My visit to North Korea last year amazed me at how much we base our
impressions of North Korea on pre-conceived notions. I already blogged daily
(<http://joshuaspodek.com>), but the experience affected me so much I started
posting twice daily, one post on North Korea
(<http://joshuaspodek.com/category/northkorea>).

Then Kim Jong Il died and tons of articles came out on North Korea, many or
most had the same pre-conceived notions or assigned credit to the leaders that
I thought were properties of the system, making understanding or achieving
change difficult.

Reading all those articles, I felt compelled to put my perspective out there.
My posts on HN got high karma. I assembled a number of my posts, polished them
(they needed more polish than I thought), and posted them on Amazon and
Smashwords for download to electronic devices
([http://www.amazon.com/gp/product/B006PMDXTM?ie=UTF8&tag=...](http://www.amazon.com/gp/product/B006PMDXTM?ie=UTF8&tag=joshspod-20&linkCode=as2&camp=1789&creative=9325&creativeASIN=B006PMDXTM)).

The first time was laborious and time-consuming. Now that I've done it, I know
how to do it easier and I plan to do it many times.

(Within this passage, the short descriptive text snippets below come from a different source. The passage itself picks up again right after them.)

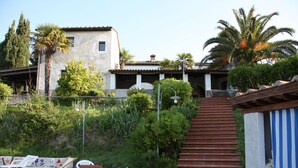 Un edificio con techo de tejas, una escalera que lleva a un área cubierta, y mobiliario exterior con sillas y una mesa.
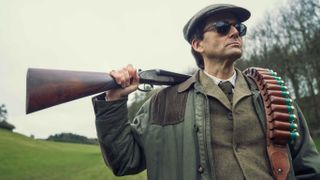 Lord Tony Baddingham (David Tennant) poses with a shotgun over his shoulder in "Rivals"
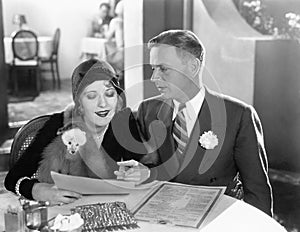 A couple sitting together at a dinner table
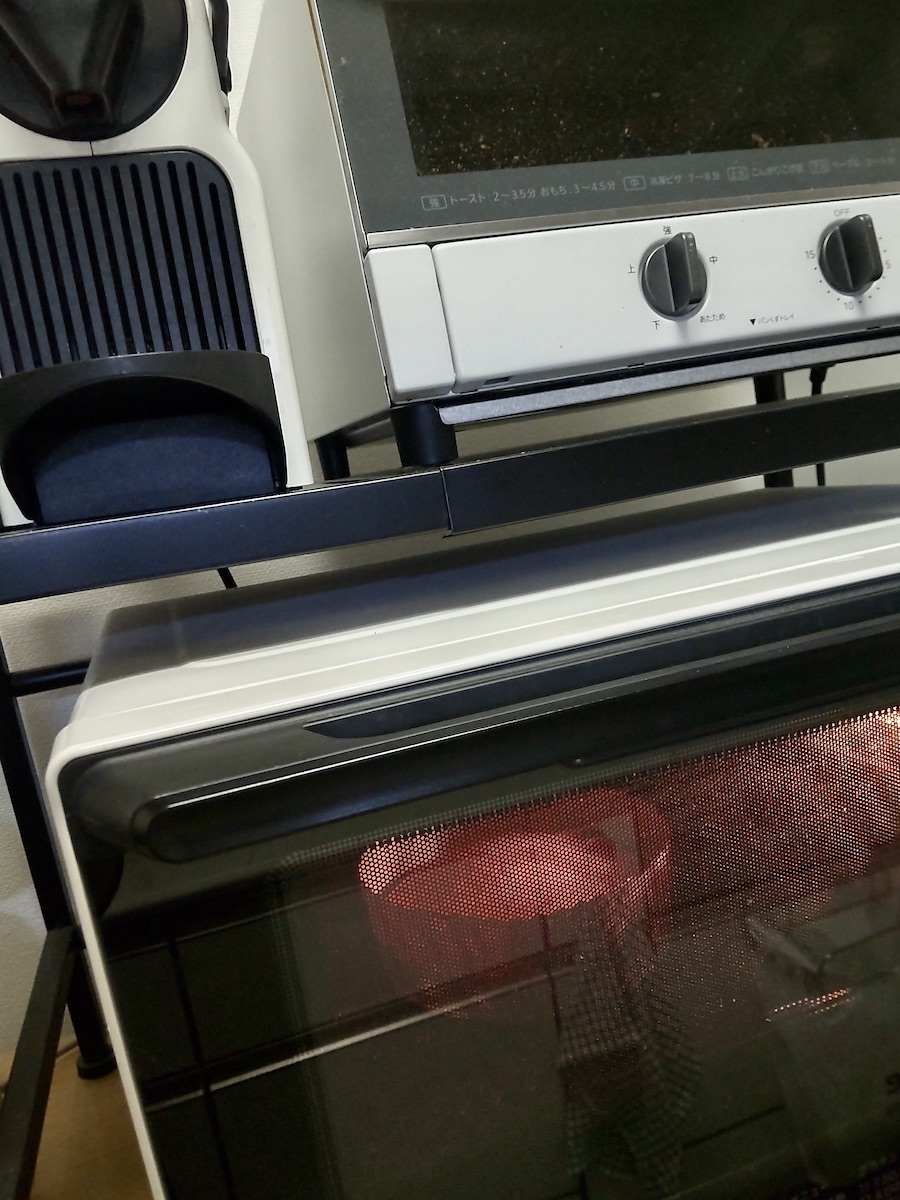 A pound cake baking in the oven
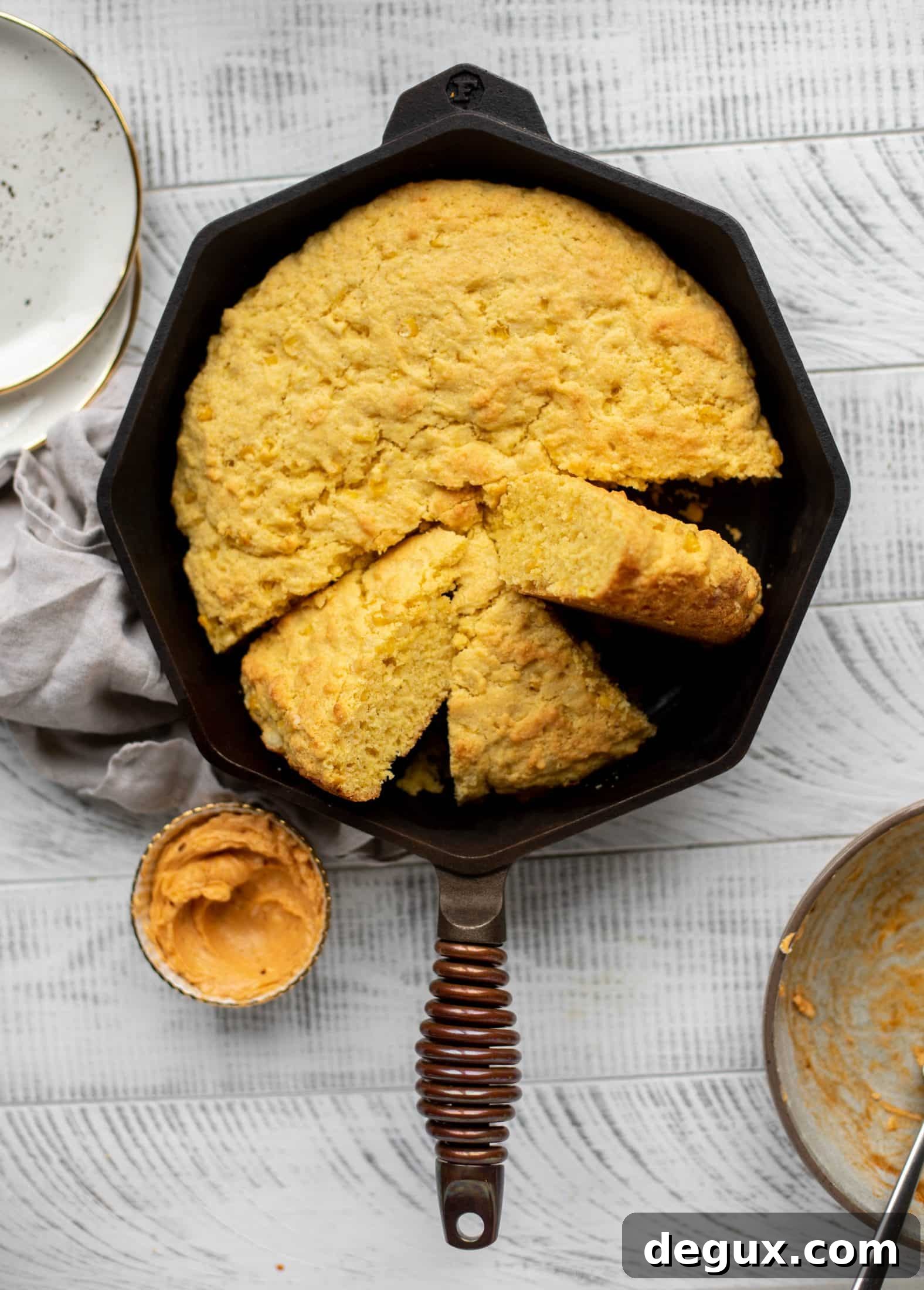 This skillet cornbread is so fluffy and delicious! Serve it hot from the oven with chipotle honey butter. It makes a great appetizer or side dish.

I'm going to start marketing soon. The big news days when Kim Jong Il died
motivated me so I missed them as days to sell books, but I hope the book
changes some people's views of North Korea and helps motivate people toward
effective change.

------
davidw
$89 for some guy on oDesk? Wow, I knew we needed to raise prices at
LiberWriter, but... ouch. For someone technical - you know HTML and grok
various XML formats - learning how to do it yourself isn't _that_ big a deal.
I have always likened it to changing a tire on a car - it's not that hard, but
if you're short on time and patience, you'll probably be happier to pay
someone to do it if possible.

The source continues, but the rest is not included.